* La Fiscalía mexiquense aseguró centro de rehabilitación en Chimalhuacán y detuvo a dos personas por probable participación en el homicidio de un hombre que permanecía internado en el lugar……
Por Efraín Morales
La muerte de un interno al interior de un centro de rehabilitación en el municipio de Chimalhuacán volvió a encender las alertas sobre las condiciones en las que operan algunos anexos en el Estado de México, luego de que autoridades estatales aseguraran el inmueble y detuvieran a dos personas presuntamente involucradas en los hechos.
De acuerdo con las investigaciones, el caso ocurrió en un inmueble ubicado en la colonia Jardines de San Agustín, donde funcionaba un centro de rehabilitación para personas con problemas de adicciones.

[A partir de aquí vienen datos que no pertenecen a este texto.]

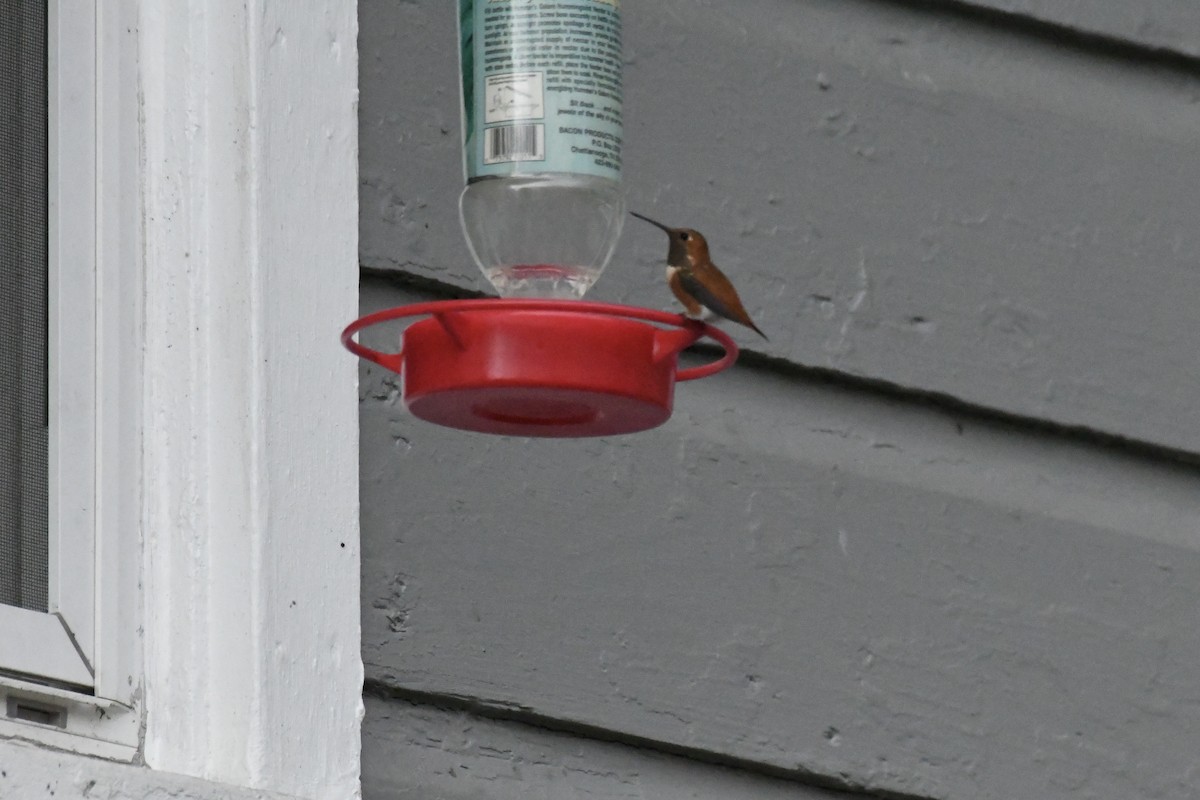 Rufous Hummingbird - ML644565599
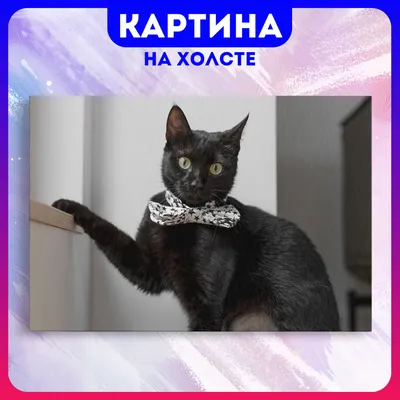 Моя кошка | Cats, Black cat, Black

Tras el fallecimiento de uno de los internos, la Fiscalía General de Justicia del Estado de México inició una serie de diligencias que derivaron en el aseguramiento del lugar y en la captura de dos probables responsables.
Investigación revela presuntas agresiones
Los hechos salieron a la luz el pasado 27 de mayo, cuando elementos de la policía municipal fueron alertados sobre la presencia de una persona sin vida al interior del establecimiento. En un primer momento, uno de los encargados del lugar aseguró que la víctima había sufrido una caída mientras se bañaba y que posteriormente fue puesta bajo observación médica, sin embargo, perdió la vida horas después.
La versión inicial despertó sospechas entre las autoridades ministeriales, quienes comenzaron a recabar testimonios y evidencias dentro del inmueble. Conforme avanzaron las indagatorias, surgieron elementos que apuntaban a una situación muy distinta a la narrada por los responsables del centro.
Las investigaciones permitieron establecer que días antes de su fallecimiento, el interno habría sido víctima de diversas agresiones físicas presuntamente cometidas por dos hombres encargados del funcionamiento del anexo. Según los datos obtenidos, los ataques ocurrieron de manera reiterada y se intensificaron el mismo día en que perdió la vida.
De acuerdo con las autoridades, los agresores habrían golpeado en repetidas ocasiones a la víctima y posteriormente obligaron a otros internos a sujetarlo de pies y manos para trasladarlo a una zona de enfermería, lugar donde finalmente se percataron de que ya no presentaba signos vitales.
Cateo y clausura del inmueble
Con base en los indicios recabados, un juez autorizó una orden de cateo que fue ejecutada el pasado 30 de mayo. Durante la intervención, agentes ministeriales localizaron diversos elementos de prueba relacionados con la investigación y constataron condiciones que representaban riesgos para la seguridad, integridad y salud de las personas que permanecían internadas.
Como resultado de estas acciones, el inmueble quedó asegurado por la autoridad ministerial. Además, las 23 personas que se encontraban en tratamiento fueron entregadas a sus familiares para garantizar su protección y bienestar.
Uno de los detenidos fue ingresado al Centro Penitenciario y de Reinserción Social de Nezahualcóyotl, mientras que el segundo implicado también quedó a disposición de las autoridades judiciales para enfrentar el proceso correspondiente.
La Fiscalía mexiquense informó que ambos sujetos son investigados por su probable participación en el homicidio del interno y advirtió que, en caso de ser encontrados culpables, podrían enfrentar penas que alcanzarían hasta 70 años de prisión.
El caso ha reabierto el debate sobre la supervisión de los centros de rehabilitación en la entidad, particularmente aquellos que operan sin controles adecuados o con condiciones que ponen en riesgo la integridad de las personas que buscan atención para superar problemas de adicción.